Macau undergoes second development phase

At the heart of the global gaming industry, bridging gambling, entertainment and innovation, Macau has seen its revenue rise year-on-year for more than a decade. As China’s legal casino retreat embarks on its second development phase, it looks to more than double gaming revenues to $115bn in four years.

Casinos have existed in Macau for over 100 years, but it wasn’t until a 40-year monopoly held by Stanley Ho’s Sociedade de Jogos de Macau (SJM) was dismantled in 2002, when the industry opened its doors to competition and started growing at an unprecedented rate. There are six casino concessionaires operating in Macau, with contracts until 2022. Each operator has amassed a small fortune and is reinvesting in the market with new projects.

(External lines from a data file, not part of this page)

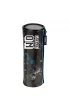 Paso Pirnik tuba Game PP24PL-003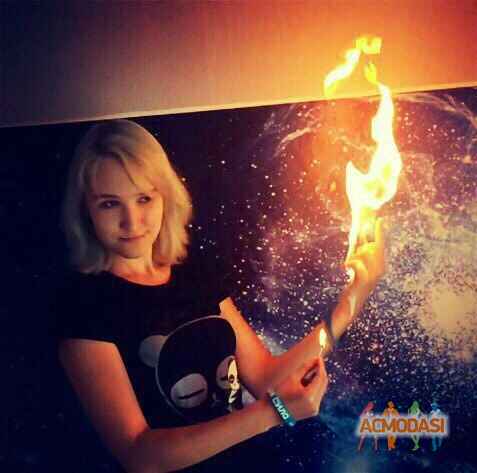 Наталья Александровна Позднякова фото №1241319. Загружено 24 Октября 2017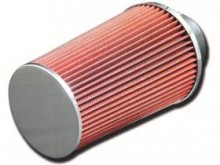 Filtru Sport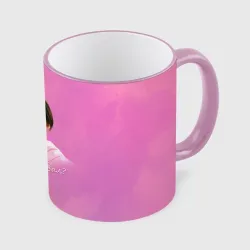 Злая Сыль Ги Злая Сыль Ги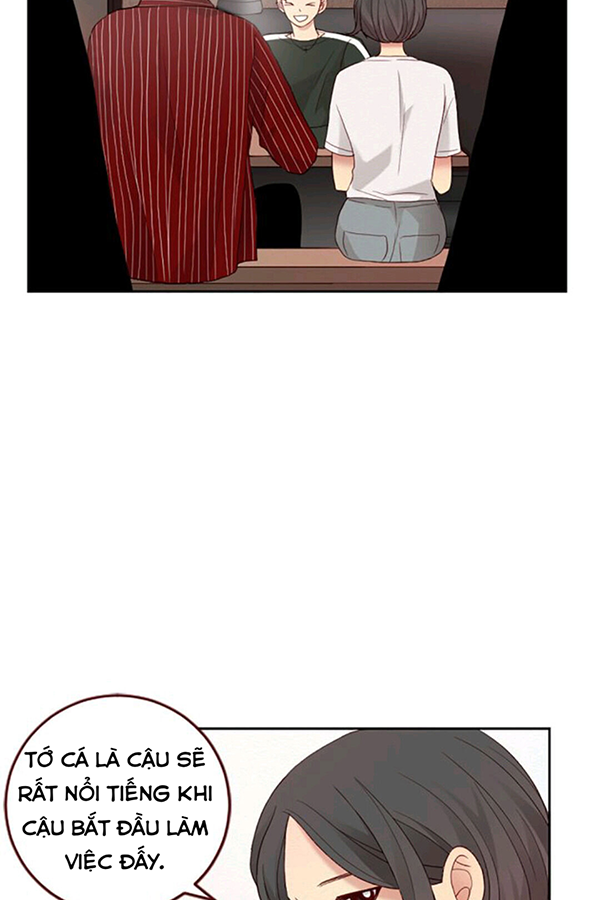 thầm yêu chapter 11 35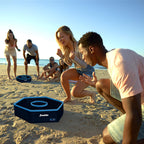 Franklin Sports Starter Washer Toss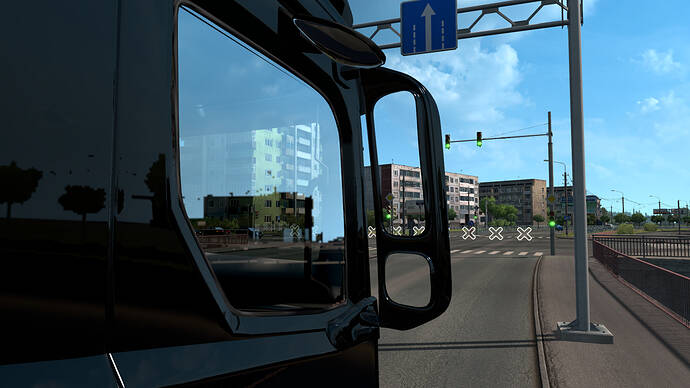 eurotrucks2 2020-04-07 21-26-17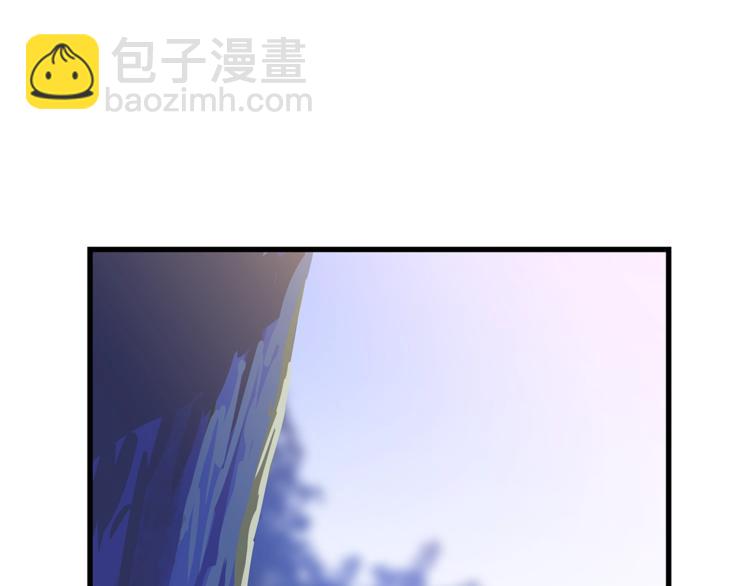 第46话 相遇之地下城206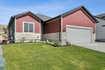 Photo 1 for 7926 N Bristlecone Rd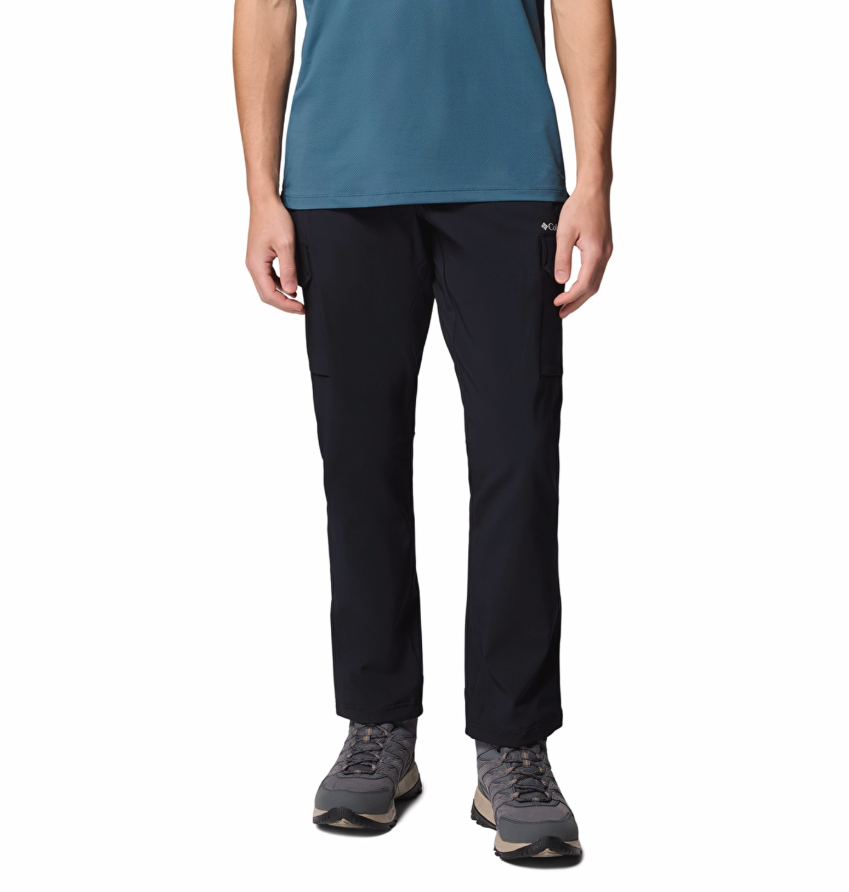 COLUMBİAColumbia Tech Trail Utility Winter Erkek Pantolon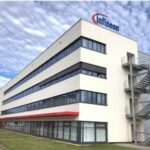 Infineon ouvre une usine d’assemblage de modules de puissance en Hongrie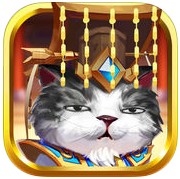 长安帝王梦手游(暂未上线)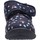 Chaussures Enfant Baskets mode Chicco 01066011-900 Bleu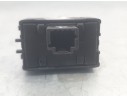 Recambio de interruptor para renault clio iv (bh_) 1.5 dci 90 referencia OEM IAM   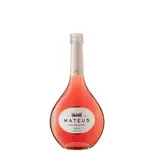 【アルコール】マテウスロゼ 375ml MATEUS ROSE（おかんのやさしいから揚げ 上新庄店）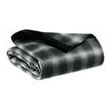 Throw Lina Ombre 140 X 180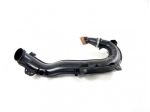 1697965 MANICOTTO FILTRO ARIA ASPIRAZIONE FORD S-MAX 2.0 D 120KW 6M 5P (201 &hellip;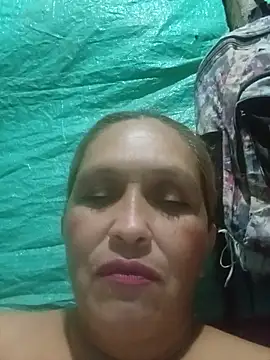 MOTHER_AND_SON09 webcam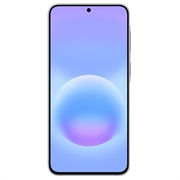 Samsung Galaxy A57 - 512GB - Blue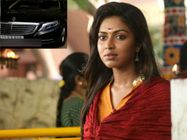 'ನಿನ್ನ ರೇಟ್ ಎಷ್ಟು?' ಎಂದ ಕಾಮುಕನಿಗೆ ಬುದ್ಧಿ ಕಲಿಸಿದ ಅಮಲಾ ಪೌಲ್ 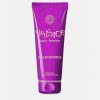 Parfums Et Soins Du Corps | Versace Gel Douche Dylan Purple 200 Ml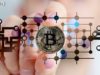 La quiebra de FTX y la caída del Bitcoin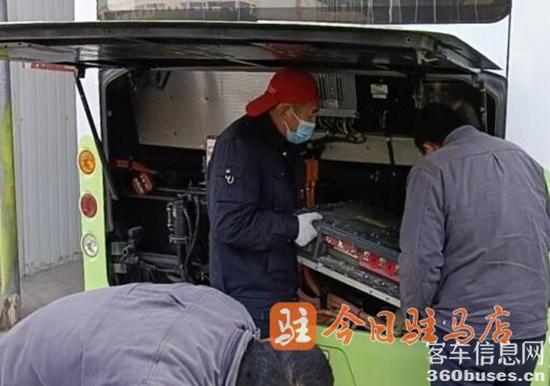 1672987753259407.jpg 1.jpg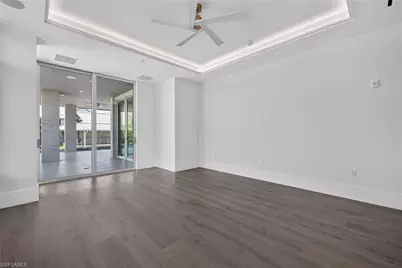 1165 8th St S #201, Naples, FL 34102 - Photo 17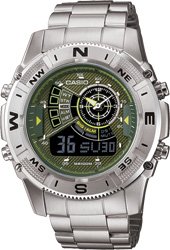 AMW-709D-3AV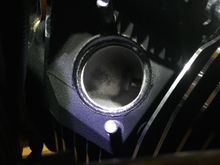 My Post Pictures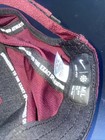 Bild 6 von 6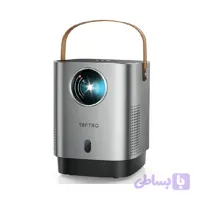مینی پروژکتور پرتابل TOPTRO TR23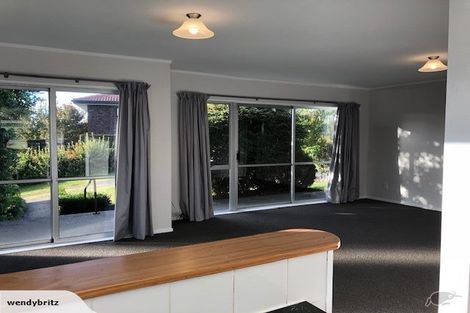Photo of property in 17 Clydesburn Avenue, Te Puke, 3119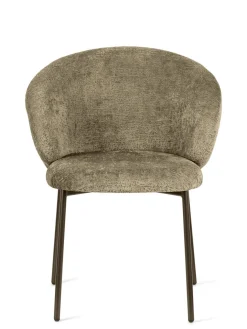 Oleandro Capsule Stol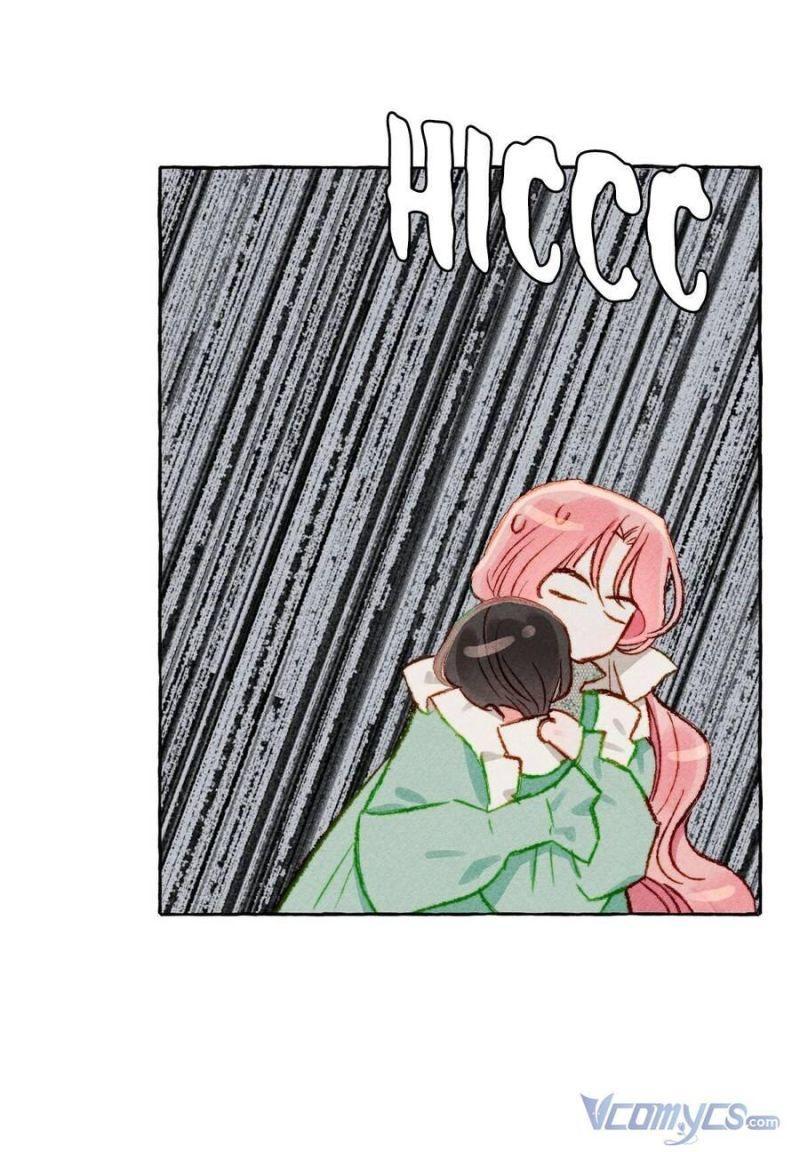 nuôi dưỡng một hắc long chapter 7 4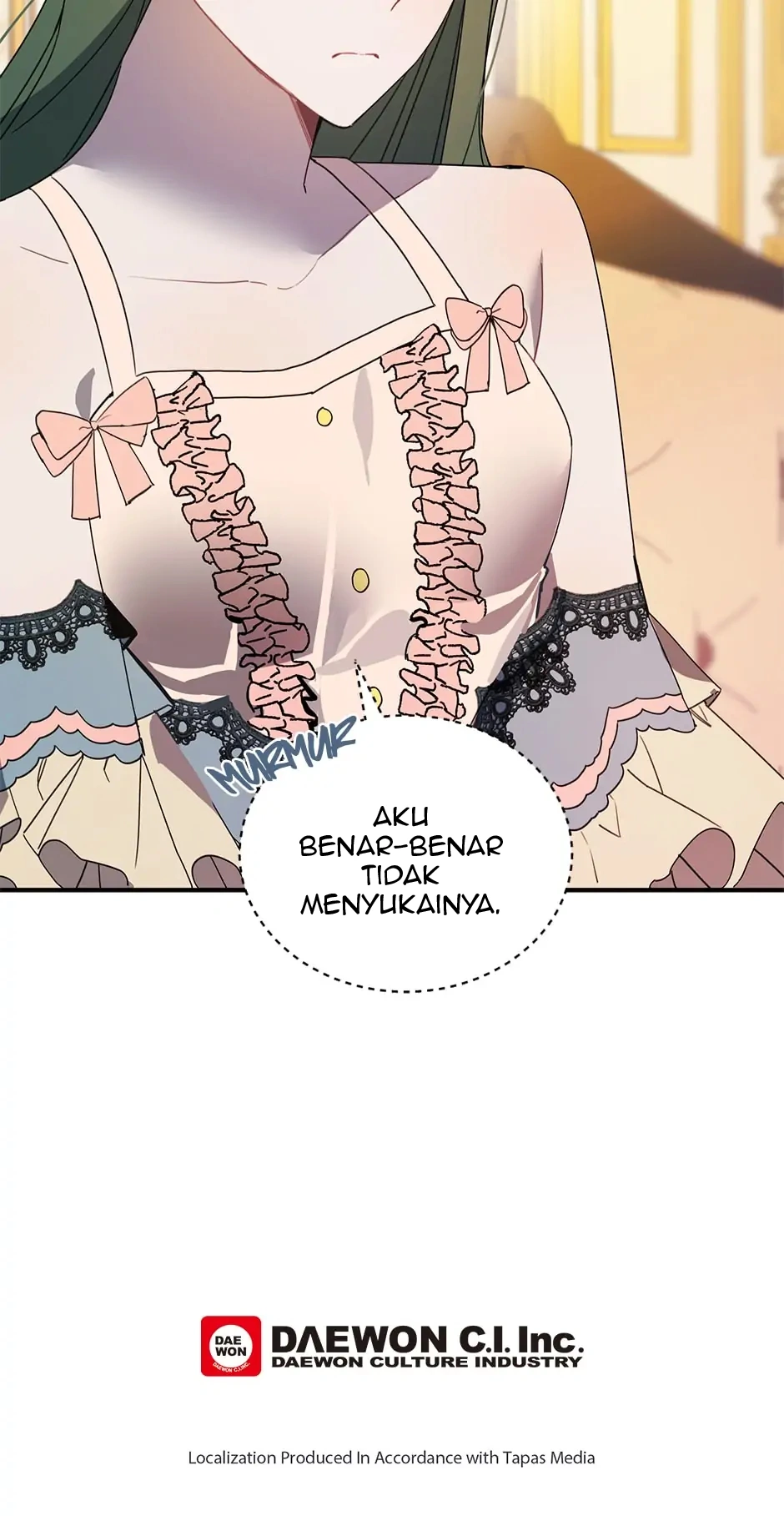 Chapter 55 - halaman 53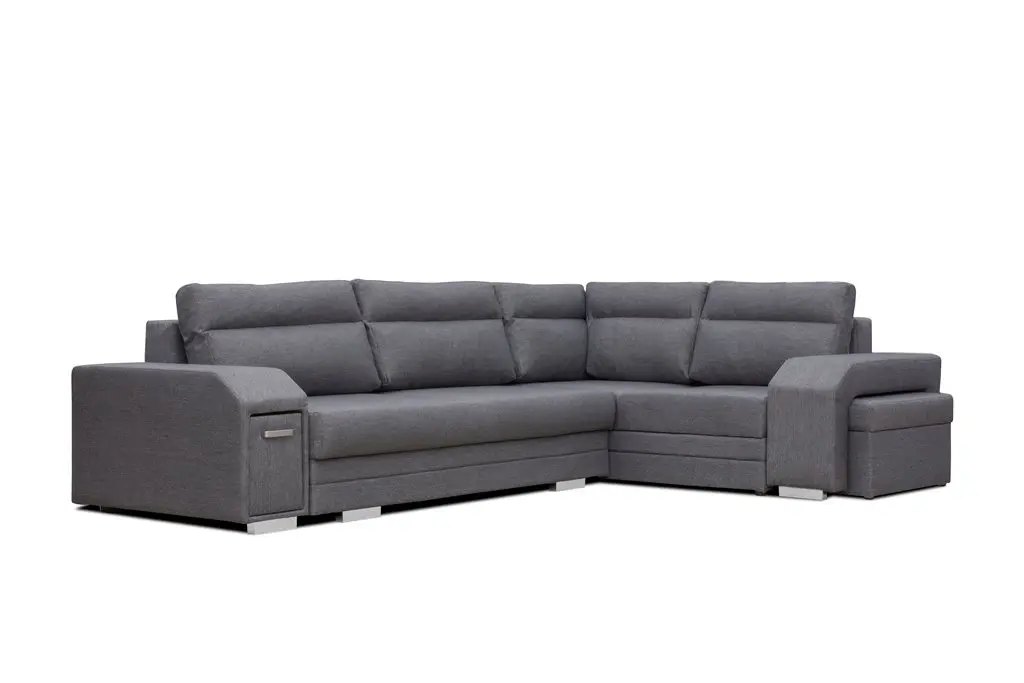 AlvaresInari94zdj2 Sofa narożna JULIA elegancka i przestronna do domowego salonu - obrazek 1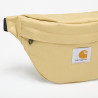 Сумка Carhartt WIP Jake Hip Bag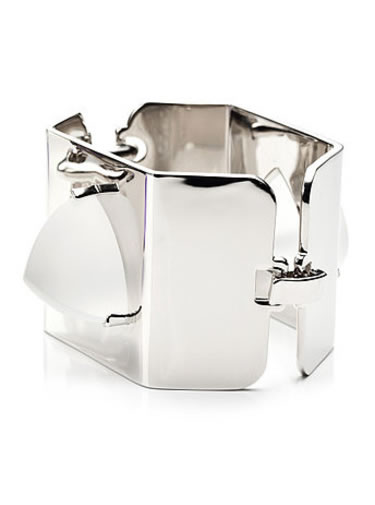 ϵ錚OӋEddie Borgo 2012紺
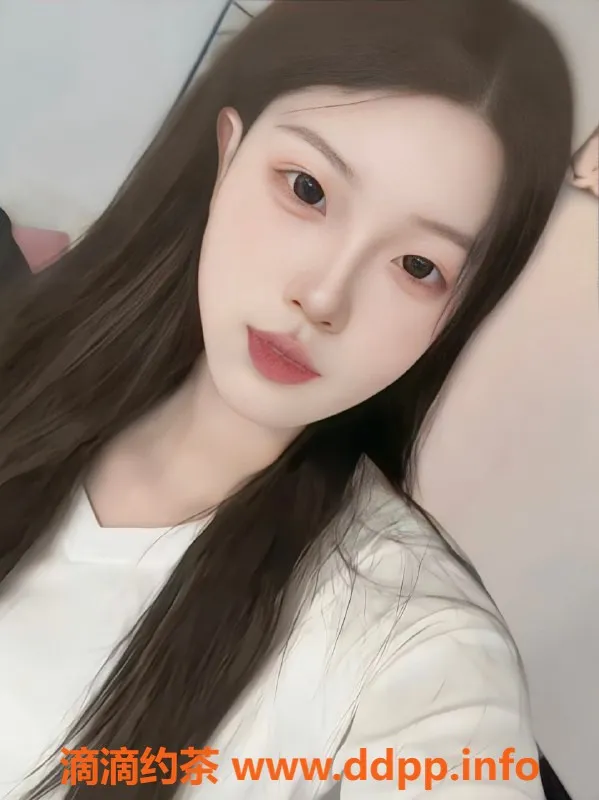 无锡楼凤资源信息,锡山区小雪，身高167，体重49kg，服务超全！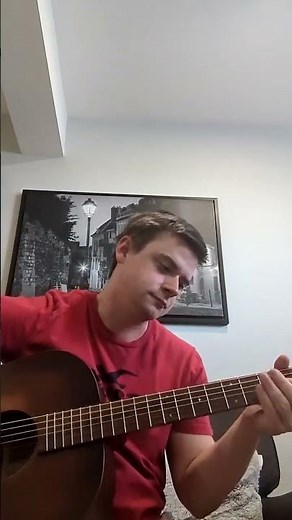 Earl's Court Bron-Yr-Aur-Stomp Intro - Led Zeppelin - Jimmy Page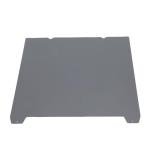 FTVOGUE Double Sided Resin Print Bed 235x235mm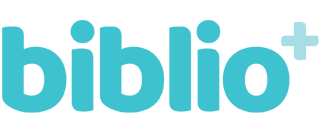 BIBLIO+ PRODUCT SHOWCASE: SUMMER 2022 1 biblio+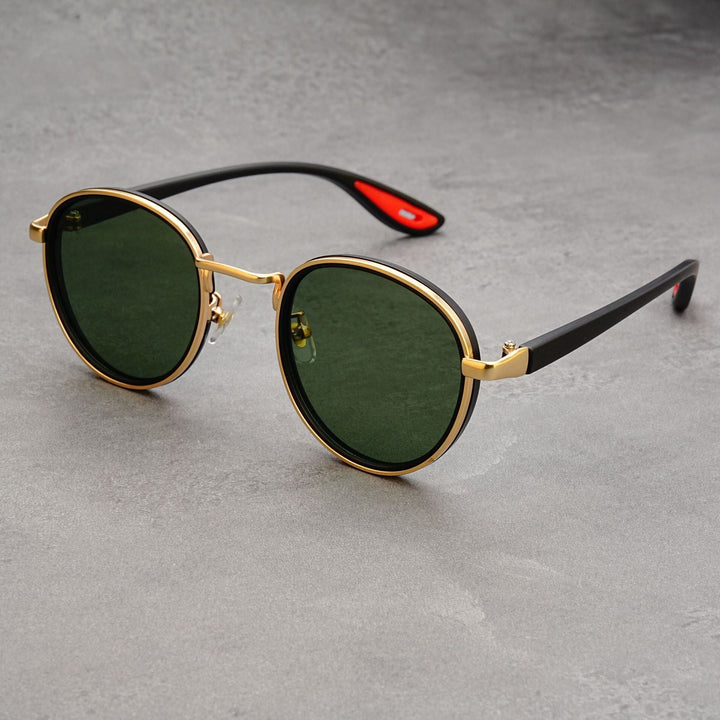 Brunswick Sunglasses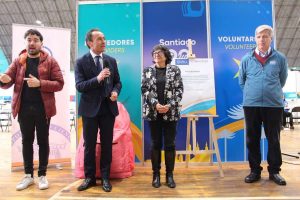 c8cb73fac3a2c7cac22d37e9b285ca4a 742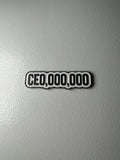 Ceo charm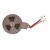 Vibrator For Sony Ericsson Xperia Z2 D6520 - Maxbhi Com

Las Vegas Sands, the most influential operator next to SJM, risked $2.4bn back in 2007 to build The Venetian Macao on desolate land and introduce the MICE (meetings, incentives, conventions and exhibitions) model to gaming business. The reclaimed land became Cotai, combining the names of Coloane and Taipa, which quickly became the industry’s most sought-after real estate. Now home to six integrated casino resorts, the Cotai Strip is the target for new development.

The latest burst of expansion will bring eight new gaming resorts to Macau by 2017, adding to the existing 35 venues. According to US brokerage Wells Fargo, the new casinos will grow the market’s annual gaming revenue to US$ 115bn. Sands is building its fifth property in Macau, the $2.5bn Parisian that will house a 3,000-room hotel and bring the operator’s total number of rooms in the region to 12,000. It will also feature a 50pc scale-to-scale replica of the Eiffel Tower.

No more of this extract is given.